Now securely in Saudi hands and surrounded by Saudi minders, he told me he had been forced into it.

"The al-Qaeda leadership there put pressure on me to appear," he said.

"I came and found a photocopied paper with a full text of what they wanted me to say. I even disagreed, but they said I had to recite all these things for political reasons."

He says the recording took six hours and lasted until 0200 in the morning.

I then asked al-Awfi why he had decided to return after making the video.

"I saw the truth," he said. "I saw that the path was a deviant path away from the sayings of the Prophet.

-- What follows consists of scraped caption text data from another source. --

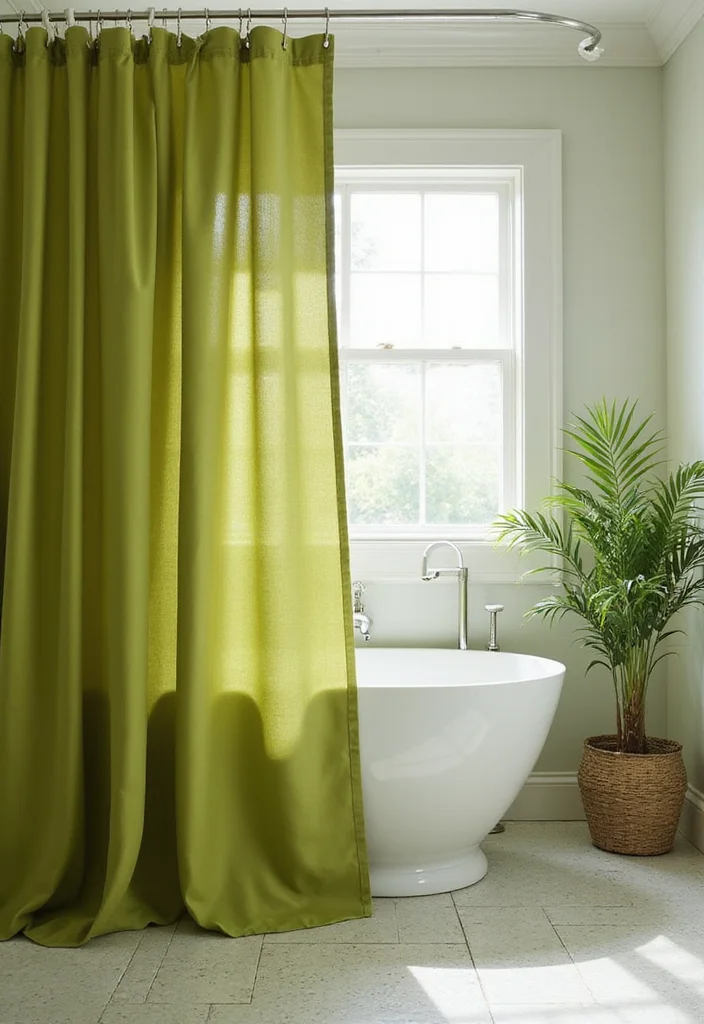 14 Olive Green Bathroom Decor Ideas With Peaceful Style - 6. Olive Green Shower Curtains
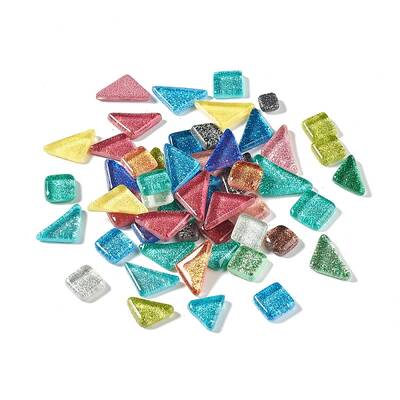 Mixed Shape with Glitter Powder Mosaic Tiles Glass Cabochons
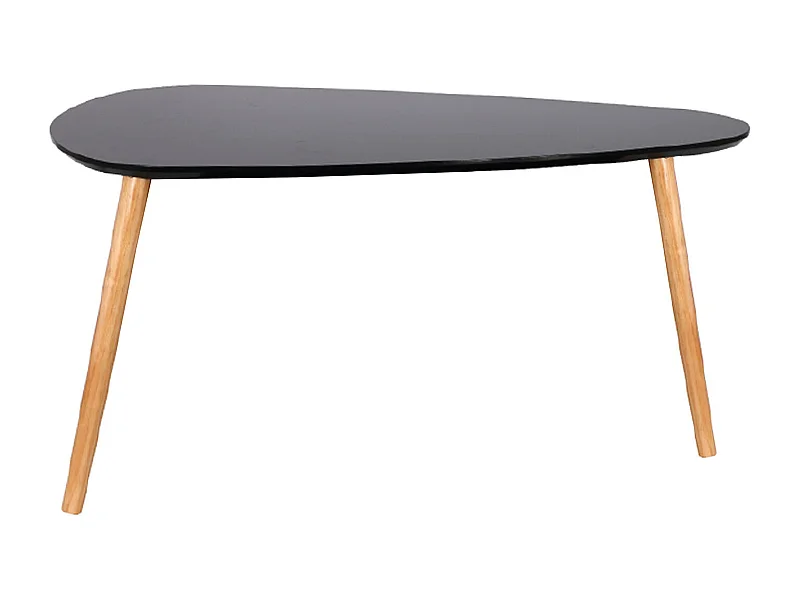Table Gigogne Bois Galet Noir Noir
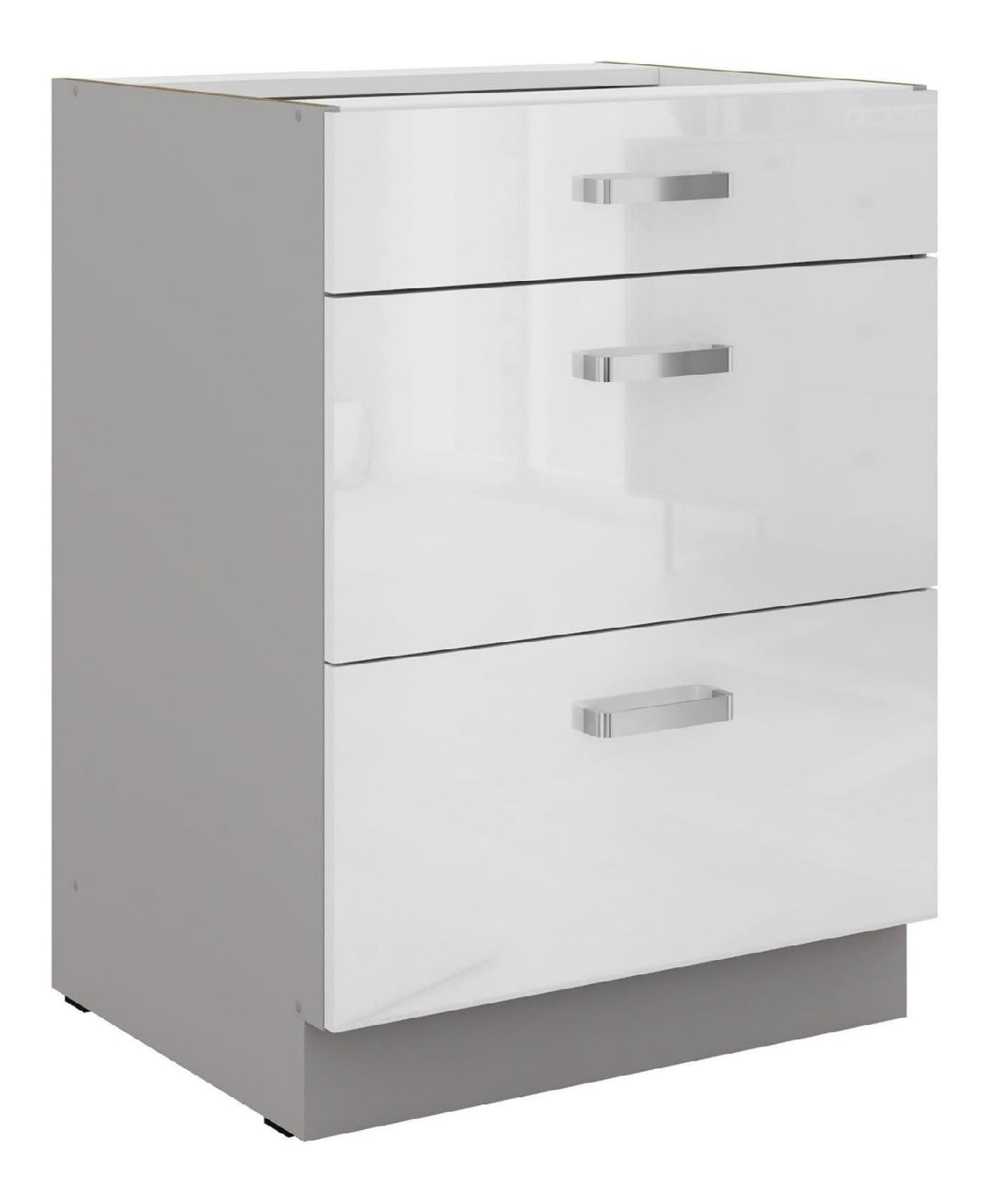 Unterschrank 60 Bianca + Vollauszug Soft-Close Kueche Grau weiss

Thanks to God Almighty's generosity, I realised that and I made a final decision to return to Saudi Arabia."

I personally suspect there was much more to it than that though.

But al-Awfi is alive, unlike another former detainee from Batch 10, Youssef Al-Shihri, who also joined al-Qaeda in the Arabian Peninsula.

Last October he crossed the border from Yemen into Saudi Arabia disguised in a burqa, with six others from Yemen to carry out a bomb attack.

The cell was intercepted by the Saudi security forces. Al-Shihri and another member of the cell were shot dead in the ensuing gun battle. Three loaded explosive belts were found in their car.

Bigger threats

Two others returnees from Batch 10 - Murtadha Ali Saeed Magram and Turki Meshawi Zayid al-Assiri - are still at large in Yemen and on the Saudi wanted list.

And what of Said al-Shihri who was on the same flight as al-Awfi and who later appeared with him in the al-Qaeda video?

Al-Shihri now represents the biggest threat of all as he is believed to be second in command - the deputy leader - of al-Qaeda in the Arabian Peninsula.

In the video he declared "our imprisonment has only increased our persistence".

What happened in the skies above Detroit on Christmas Day is an indication of that.